--- START ---
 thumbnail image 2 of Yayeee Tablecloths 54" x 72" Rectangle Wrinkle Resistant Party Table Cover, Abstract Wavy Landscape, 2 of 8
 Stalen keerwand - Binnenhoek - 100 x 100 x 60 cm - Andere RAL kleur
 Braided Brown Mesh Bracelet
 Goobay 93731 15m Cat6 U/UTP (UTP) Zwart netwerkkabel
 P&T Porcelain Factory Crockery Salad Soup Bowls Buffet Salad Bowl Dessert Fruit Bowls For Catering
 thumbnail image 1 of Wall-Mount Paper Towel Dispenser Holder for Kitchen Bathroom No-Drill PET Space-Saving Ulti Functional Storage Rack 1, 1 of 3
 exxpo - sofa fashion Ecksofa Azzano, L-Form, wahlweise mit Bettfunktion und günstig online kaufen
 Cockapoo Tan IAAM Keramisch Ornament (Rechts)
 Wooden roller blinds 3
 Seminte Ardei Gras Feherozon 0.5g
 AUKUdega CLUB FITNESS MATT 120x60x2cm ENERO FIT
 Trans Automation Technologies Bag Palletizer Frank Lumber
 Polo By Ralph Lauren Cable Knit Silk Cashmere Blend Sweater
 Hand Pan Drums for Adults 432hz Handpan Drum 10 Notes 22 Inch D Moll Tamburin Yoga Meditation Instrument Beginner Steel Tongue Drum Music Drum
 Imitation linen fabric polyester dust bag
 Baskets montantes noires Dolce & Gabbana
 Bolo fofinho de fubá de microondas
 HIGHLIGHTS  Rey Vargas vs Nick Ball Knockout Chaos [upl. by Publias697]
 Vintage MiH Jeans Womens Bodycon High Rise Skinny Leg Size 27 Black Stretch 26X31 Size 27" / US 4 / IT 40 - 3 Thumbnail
--- END ---
**Requirement:** No lines before the one containing "AUKUdega CLUB FITNESS" belong in the answer; write out that line and each one after it exactly, through the end of the records.

**Output of the task:**
 AUKUdega CLUB FITNESS MATT 120x60x2cm ENERO FIT
 Trans Automation Technologies Bag Palletizer Frank Lumber
 Polo By Ralph Lauren Cable Knit Silk Cashmere Blend Sweater
 Hand Pan Drums for Adults 432hz Handpan Drum 10 Notes 22 Inch D Moll Tamburin Yoga Meditation Instrument Beginner Steel Tongue Drum Music Drum
 Imitation linen fabric polyester dust bag
 Baskets montantes noires Dolce & Gabbana
 Bolo fofinho de fubá de microondas
 HIGHLIGHTS  Rey Vargas vs Nick Ball Knockout Chaos [upl. by Publias697]
 Vintage MiH Jeans Womens Bodycon High Rise Skinny Leg Size 27 Black Stretch 26X31 Size 27" / US 4 / IT 40 - 3 Thumbnail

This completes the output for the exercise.